Values, worldviews and ideology


Public engagement with energy and climate change can’t be easily reduced to a simple rule of thumb, but some aspects of human psychology are more fundamental – and explain more variation in attitudes and behaviours – than others. People’s attitudes on different topics may morph and shift over time; they may switch allegiances between different political parties and candidates; individuals may even express quite distinct ‘selves’ in different social situations and with different groups of people. But there are certain aspects of people’s psychological makeup that are relatively consistent and which form the core of their identities: their values.

Most people have an intuitive sense of what ‘values’ are, but the typical academic definition, of a ‘guiding principle in the life of a person’, provides a good starting point.

A programme of research that has spanned several decades, 44 nations and over 25,000 respondents has produced a robust body of evidence showing how values relate to engagement with climate change.
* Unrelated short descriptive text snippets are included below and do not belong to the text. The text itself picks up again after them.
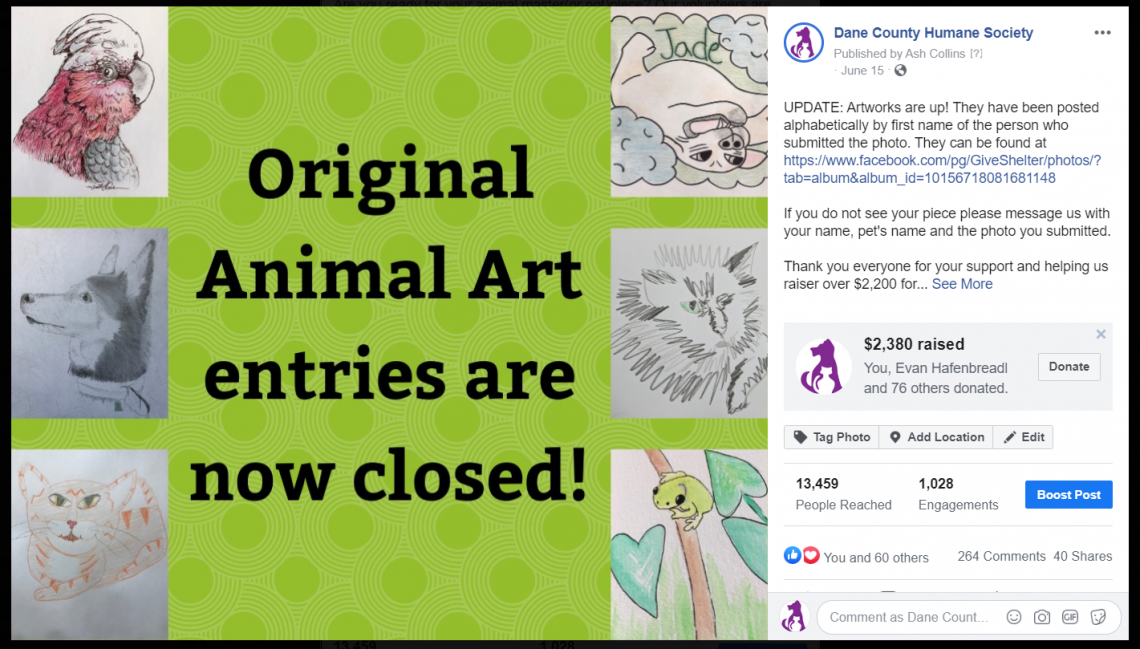 Animal Art FB Fundraiser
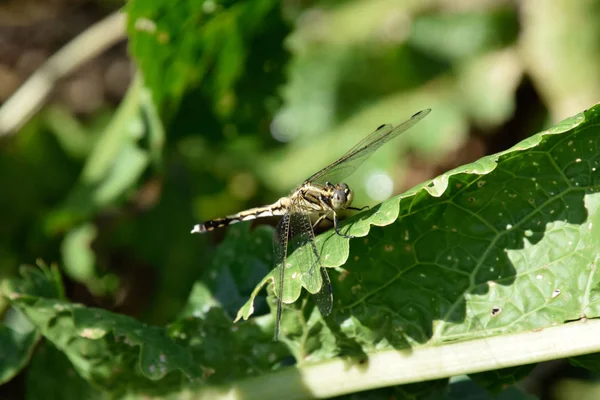 Dragonfly on a leaf of horseradish — Stock Photo, Image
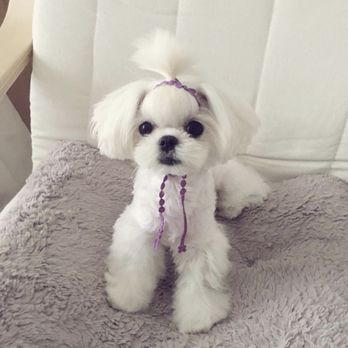 Muddy Paws OC - Reference photo - Pet Groomers Near Me - Orange, California Muddy Paws OC - Reference photo - Pet Groomers Near Me - Orange, California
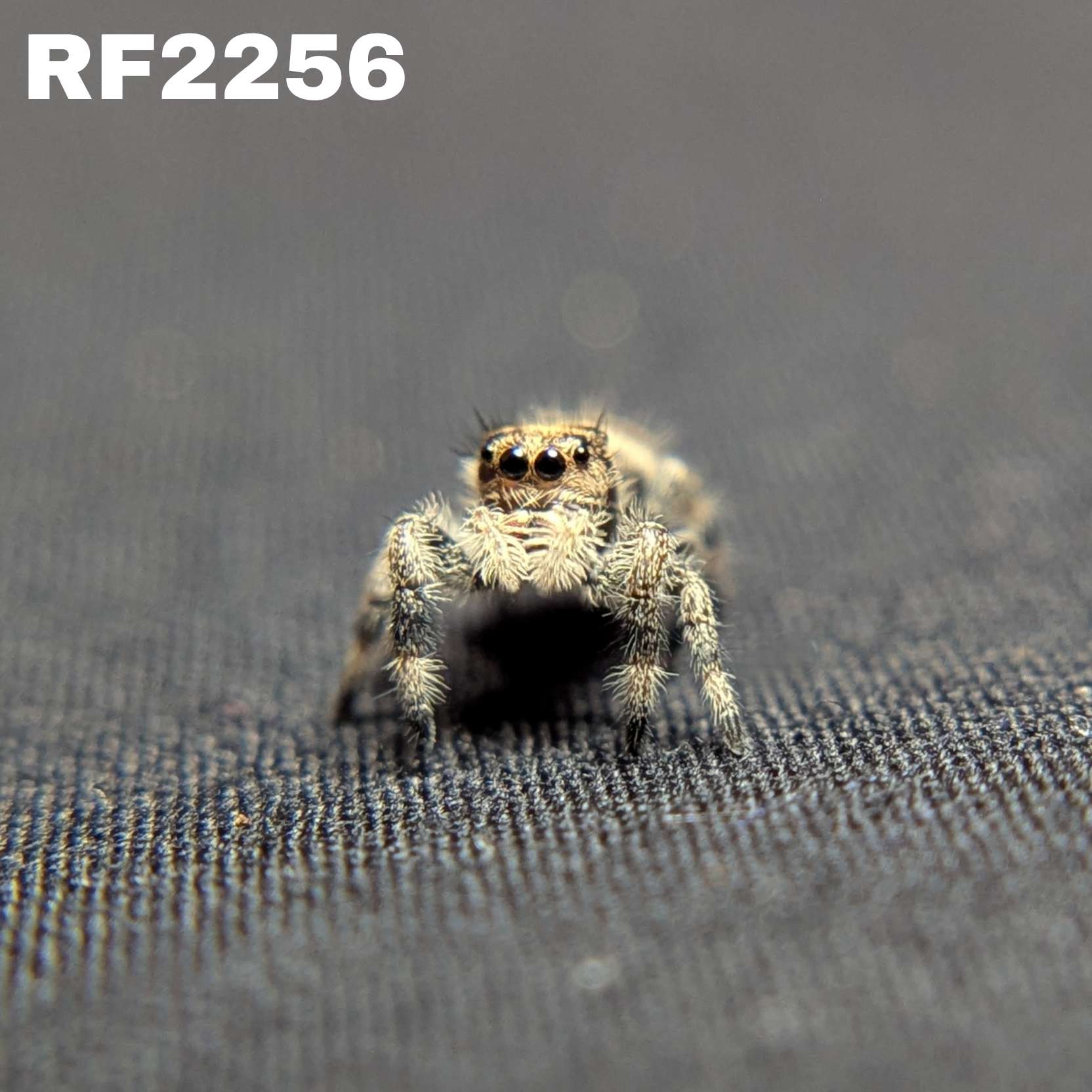 Regal Jumping Spider "Bean"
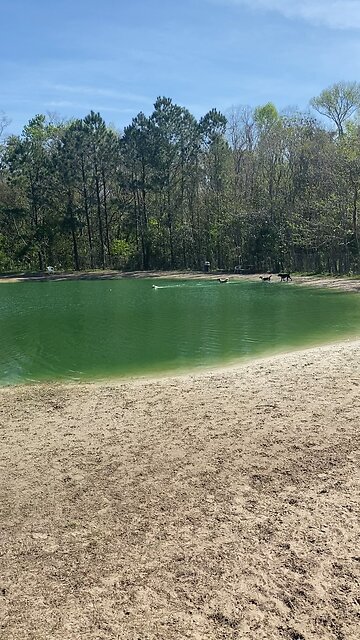 Dog Park Day! Break from driving😎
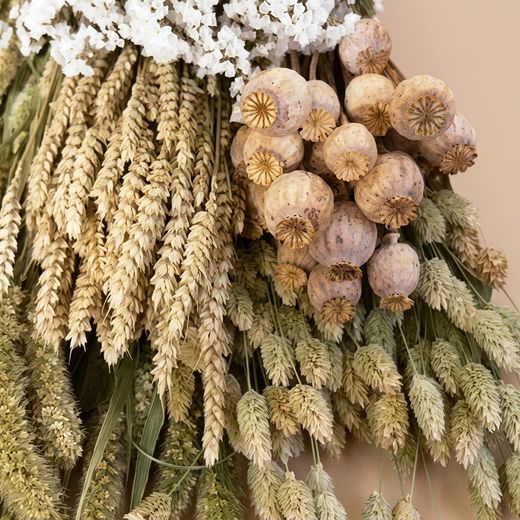 Pack Flores Secas Natural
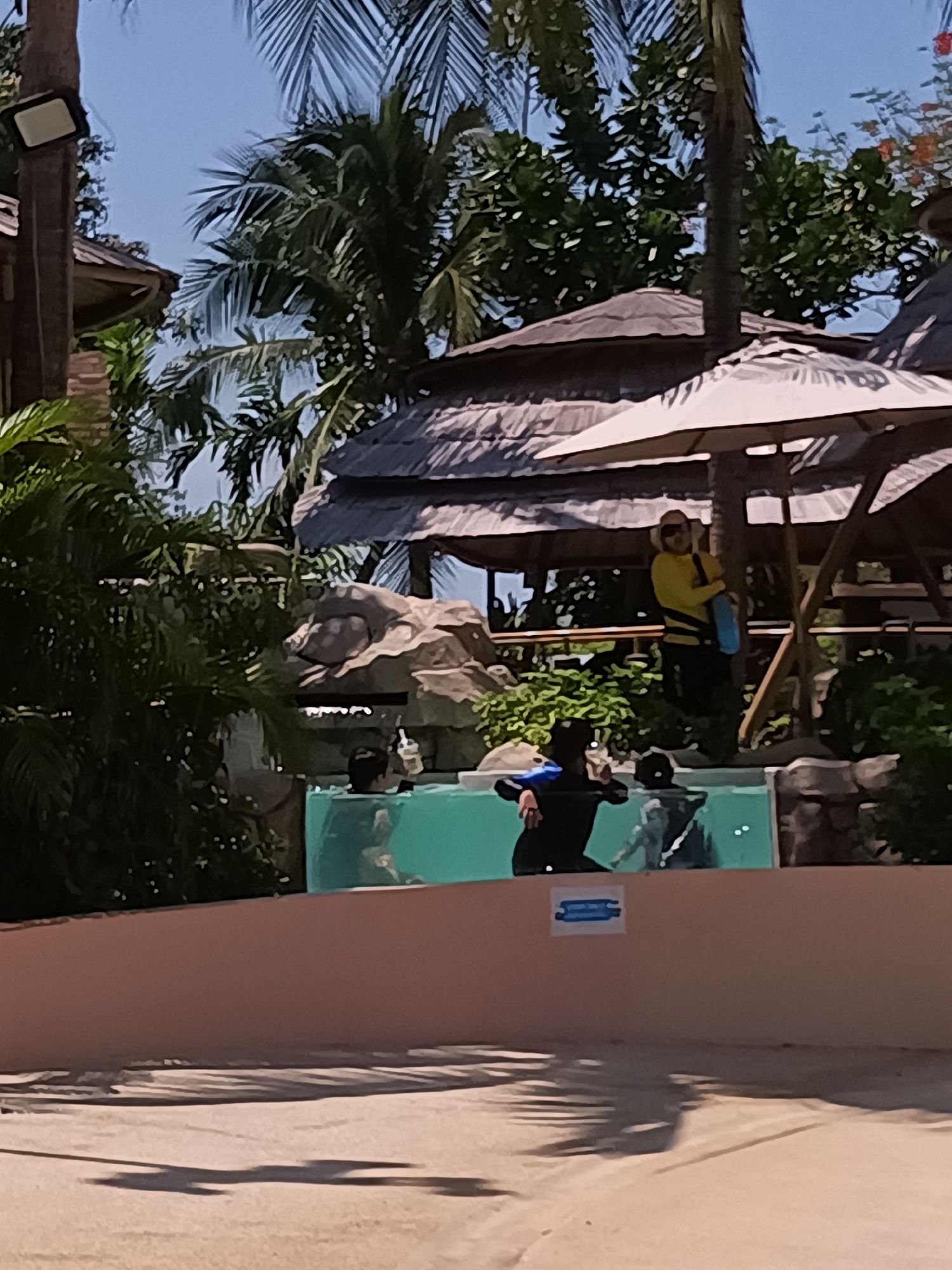 The image depicts an outdoor scene in Hua Hin City Municipality, Thailand. A group of people are observed inside a transparent enclosure filled with water, resembling a pool or aquarium. At least three individuals can be distinguished within the water, with one wearing a black wetsuit and holding a clear object. Adjacent to the enclosure, a person dressed in a yellow shirt and dark pants is standing on an elevated platform or deck, holding a blue item. The environment includes tropical vegetation such as palm trees, along with thatched-roof structures suggesting a resort or recreational area. An umbrella provides shade above the platform where the person in yellow is standing. A sign is visible on the wall of the enclosure. The foreground features a paved or sandy area.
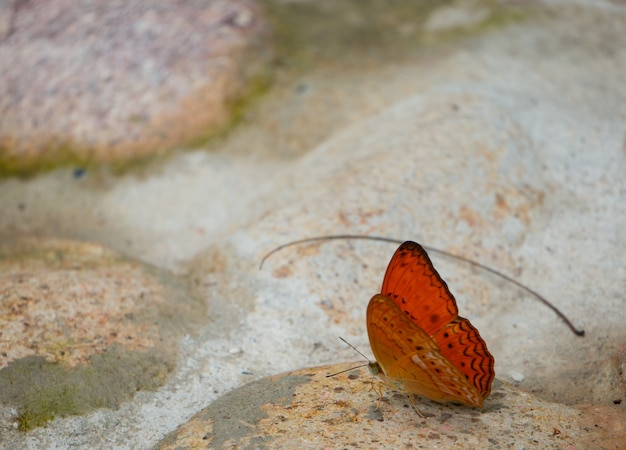 Mariposa naranja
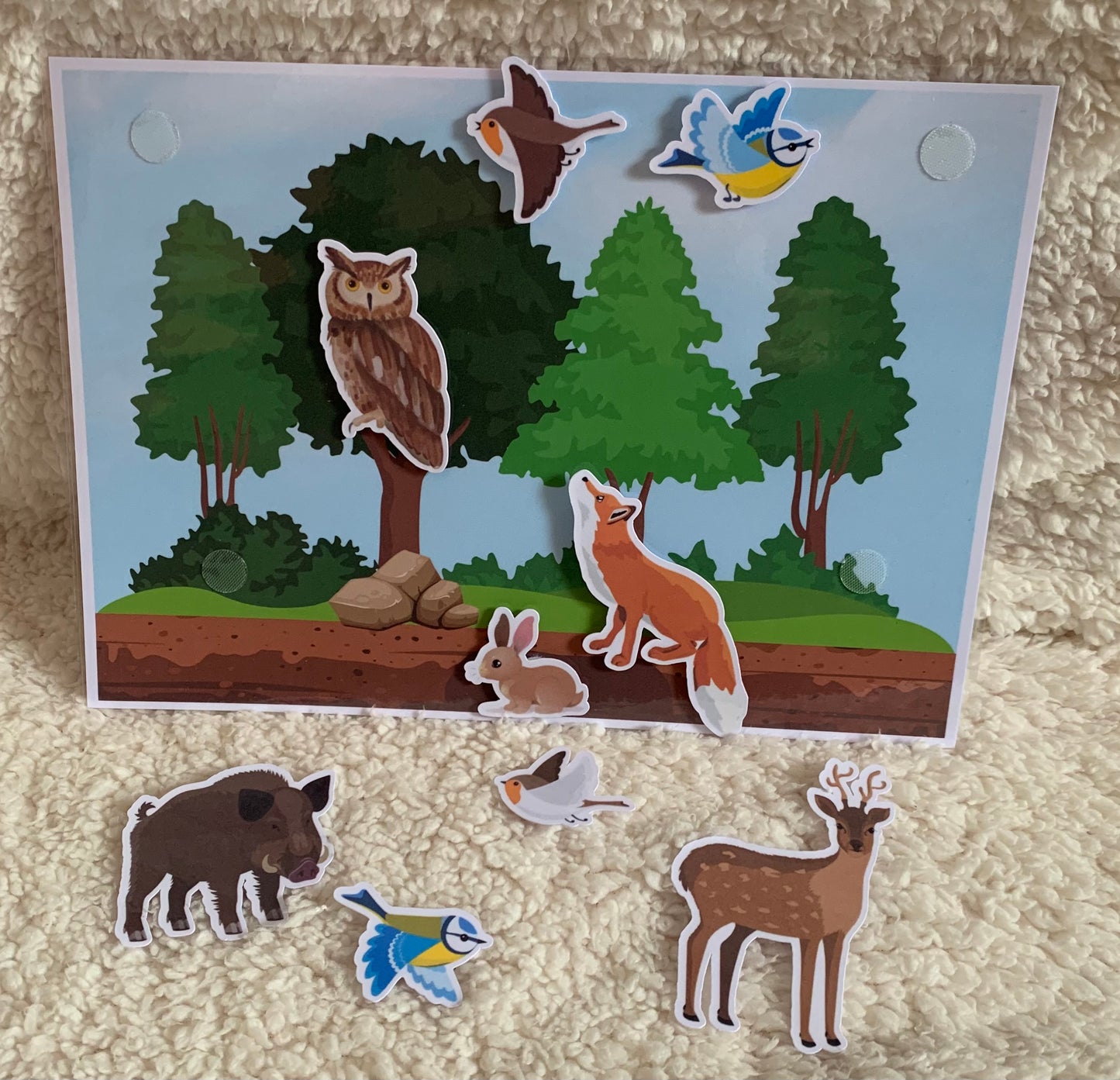Paysages animaux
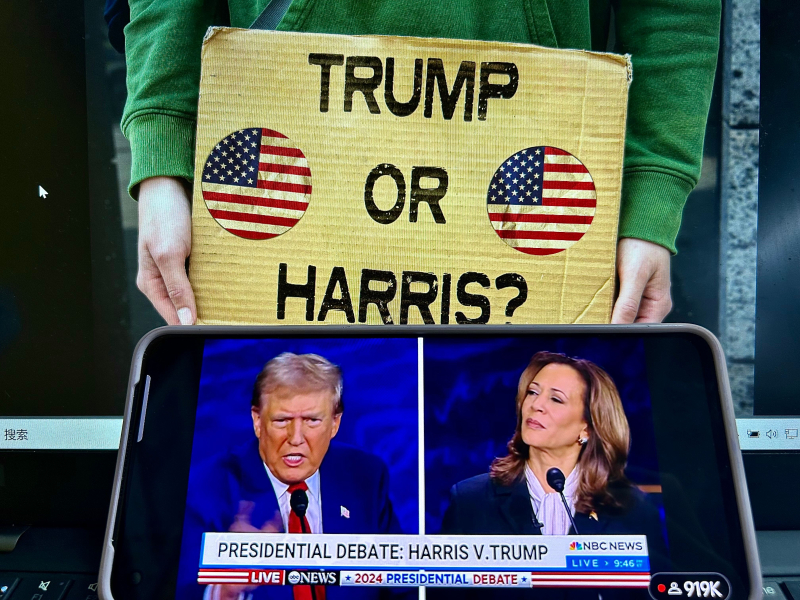 Trump vs Harris: perché scelgono tra i due alle elezioni americane e ci sono altri candidati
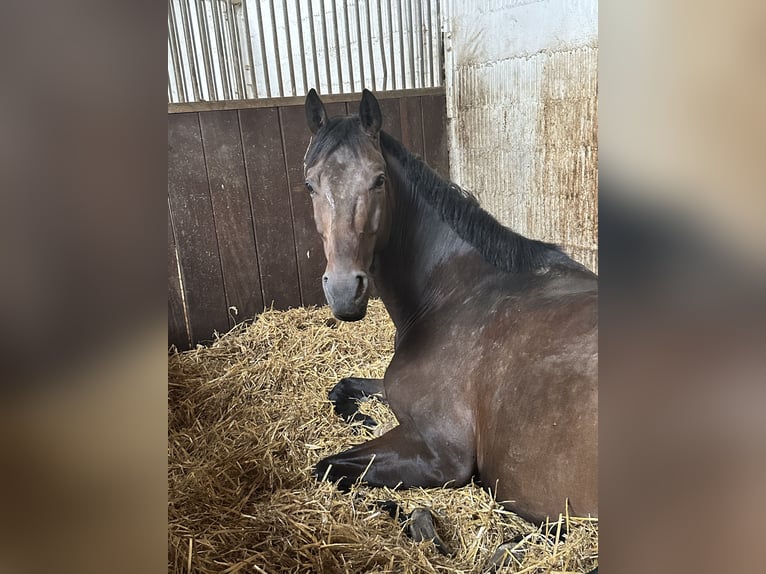 Baden Wuerttemberg Gelding 7 years 16,1 hh Bay-Dark in T&#xFC;bingen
The work of Shalom Schwartz and his colleagues has identified 56 ‘universal’ values which can be divided into distinct clusters that vary along two dimensions.

These two dimensions are openness to change versus a desire to conserve/respect tradition; and self-transcendence (i.e. values which go beyond self-interest, such as altruism or forgiveness) versus self-enhancement (i.e. self-focused values such as power, ambition and materialism). The research clearly shows that people who favour self-transcending values are more likely to be concerned about climate change and support climate policies.


Closely linked to the notion of values is the concept of worldviews. These are thought to exist on two cross-cutting dimensions and describe how much people favour different societal arrangements. The first dimension, hierarchy–egalitarianism, refers to people’s preferences around how equitably resources are distributed and social power relations. The second, ‘individualism–communitarianism’, relates to the question of whether individual interests should be subordinated to collective ones.

As with values, there’s a close relationship between different worldviews and engagement with climate change. People who hold communitarian views, and prefer egalitarian forms of social order, are less likely to be sceptical about climate risks.


Values and worldviews don’t map exactly on to people’s political ideology (there are self-transcending and self-enhancing values on the left and the right of the political spectrum), but there is a well-established relationship between political ideology and engagement with climate change.

Political conservatism predicts scepticism about climate change, for both individuals and the media  – particularly, but not exclusively, in English-speaking countries. In the UK there is a direct relationship between voting for the Conservative Party and scepticism about climate change, with an even more polarised partisan pattern in the US and Australia.

The usual explanation advanced for this is that there is a conflict between certain conservative values – in particular those around free market paradigms and individualism – and policies to tackle climate change, which are sometimes described as ‘solution aversion’. Other work has looked at finding common ground between some of the values that define conservative belief systems and engagement with climate change and the energy system.

There are of course a plethora of other influences – individual, social and structural – that constantly shape public opinion. People don’t (or can’t) always act in line with their values – this is the infamous ‘value–action gap’ – but this does not undermine their importance. Over a broad enough range of situations, values are pretty good predictors of attitudes, and attitudes are still pretty good predictors of behaviour.  

Burning Questions

Given what is known about the consistent relationship between certain types of values and engagement with climate change, should climate communicators always try to frame their messages using self-transcendent values?

Is appealing to self-enhancing values (such as financial gain or status) an effective or a problematic way for climate communicators to build public engagement?

Are there limits to reframing climate change around politically conservative values? That is, are there certain elements of a free-market/individualistic/libertarian worldview that are incompatible with societal action on climate change?